Listing 4: Hard Drive Health Check

[root@home4 ~]# smartctl -H /dev/sdd
smartctl 5.43 2012-06-30 r3573 [x86_64-linux-2.6.32-358.18.1.el6.x86_64] (local build)
Copyright (C) 2002-12 by Bruce Allen, http://smartmontools.sourceforge.net
=== START OF READ SMART DATA SECTION ===
SMART overall-health self-assessment test result: PASSED

If the output says FAIL, your best bet is to copy immediately all data from that drive and take it out of service. Although the drive might be able to function for some time, you can't be sure, so it's best to get the data off that drive immediately.

As an administrator of an HPC system, you could put this health status check in a cron job to run periodically. You could even create a metric as part of a monitoring tool, such as Ganglia [4], to show the status of all of the drives, either in a central storage system or in the compute nodes.
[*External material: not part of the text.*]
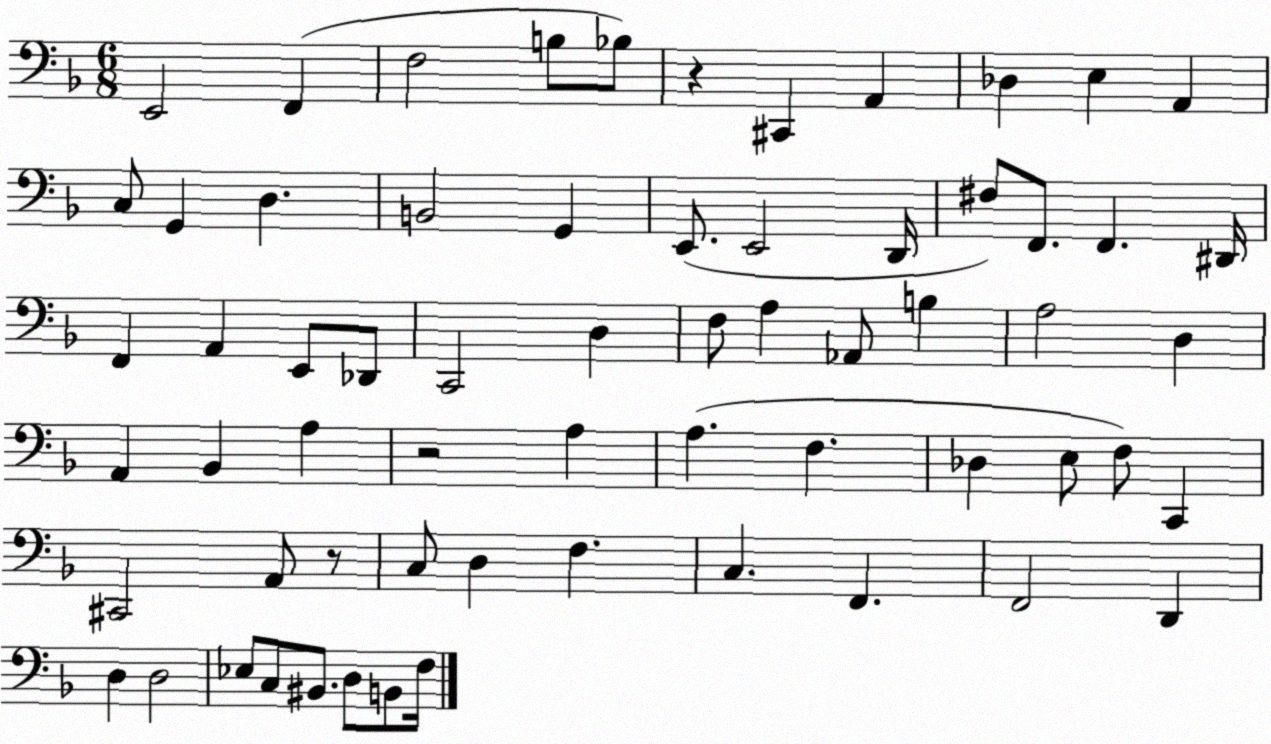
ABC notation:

Potentially, a drive's S.M.A.R.T. system has a huge number of attributes. You can discover those attributes using the -a option. The output can be quite long, but an example for the Seagate drive is shown in Listing 5.

Listing 5: Attribute Discovery (abridged)

[root@home4 ~]# smartctl -a /dev/sdd
smartctl 5.43 2012-06-30 r3573 [x86_64-linux-2.6.32-358.18.1.el6.x86_64] (local build)
Copyright (C) 2002-12 by Bruce Allen, http://smartmontools.sourceforge.net
=== START OF INFORMATION SECTION ===
Model Family: Seagate Barracuda (SATA 3Gb/s, 4K Sectors)
Device Model: ST3000DM001-1CH166
Serial Number: Z1F35P0G
LU WWN Device Id: 5 000c50 050b954c3
Firmware Version: CC27
User Capacity: 3,000,592,982,016 bytes [3.00 TB]
Sector Sizes: 512 bytes logical, 4096 bytes physical
Device is: In smartctl database [for details use: -P show]
ATA Version is: 8
ATA Standard is: ACS-2 (unknown minor revision code: 0x001f)
Local Time is: Sun Oct 13 09:48:13 2013 EDT
SMART support is: Available - device has SMART capability.
SMART support is: Enabled
=== START OF READ SMART DATA SECTION ===
SMART overall-health self-assessment test result: PASSED
General SMART Values:
Offline data collection status: (0x00) Offline data collection activity
was never started.
Auto Offline Data Collection: Disabled.
Self-test execution status: ( 0) The previous self-test routine completed
without error or no self-test has ever
been run.
Total time to complete Offline
data collection: ( 584) seconds.
Offline data collection
capabilities: (0x73) SMART execute Offline immediate.
Auto Offline data collection on/off support.
Suspend Offline collection upon new
command.
No Offline surface scan supported.
Self-test supported.
Conveyance Self-test supported.
Selective Self-test supported.
SMART capabilities: (0x0003) Saves SMART data before entering
power-saving mode.
Supports SMART auto save timer.
Error logging capability: (0x01) Error logging supported.
General Purpose Logging supported.
Short self-test routine
recommended polling time: ( 1) minutes.
Extended self-test routine
recommended polling time: ( 344) minutes.
Conveyance self-test routine
recommended polling time: ( 2) minutes.
SCT capabilities: (0x3085) SCT Status supported.
SMART Attributes Data Structure revision number: 10
Vendor Specific SMART Attributes with Thresholds:
ID# ATTRIBUTE_NAME FLAG VALUE WORST THRESH TYPE UPDATED WHEN_FAILED RAW_VALUE
1 Raw_Read_Error_Rate 0x000f 117 099 006 Pre-fail Always - 130040264
3 Spin_Up_Time 0x0003 095 095 000 Pre-fail Always - 0
4 Start_Stop_Count 0x0032 100 100 020 Old_age Always - 11
5 Reallocated_Sector_Ct 0x0033 100 100 010 Pre-fail Always - 0
[...]
199 UDMA_CRC_Error_Count 0x003e 200 200 000 Old_age Always - 0
240 Head_Flying_Hours 0x0000 100 253 000 Old_age Offline - 170901043675205
241 Total_LBAs_Written 0x0000 100 253 000 Old_age Offline - 11336138150
242 Total_LBAs_Read 0x0000 100 253 000 Old_age Offline - 5864598746
SMART Error Log Version: 1
No Errors Logged
SMART Self-test log structure revision number 1
No self-tests have been logged. [To run self-tests, use: smartctl -t]
SMART Selective self-test log data structure revision number 1
SPAN MIN_LBA MAX_LBA CURRENT_TEST_STATUS
1 0 0 Not_testing
2 0 0 Not_testing
3 0 0 Not_testing
4 0 0 Not_testing
5 0 0 Not_testing
Selective self-test flags (0x0):
After scanning selected spans, do NOT read-scan remainder of disk.
If Selective self-test is pending on power-up, resume after 0 minute delay.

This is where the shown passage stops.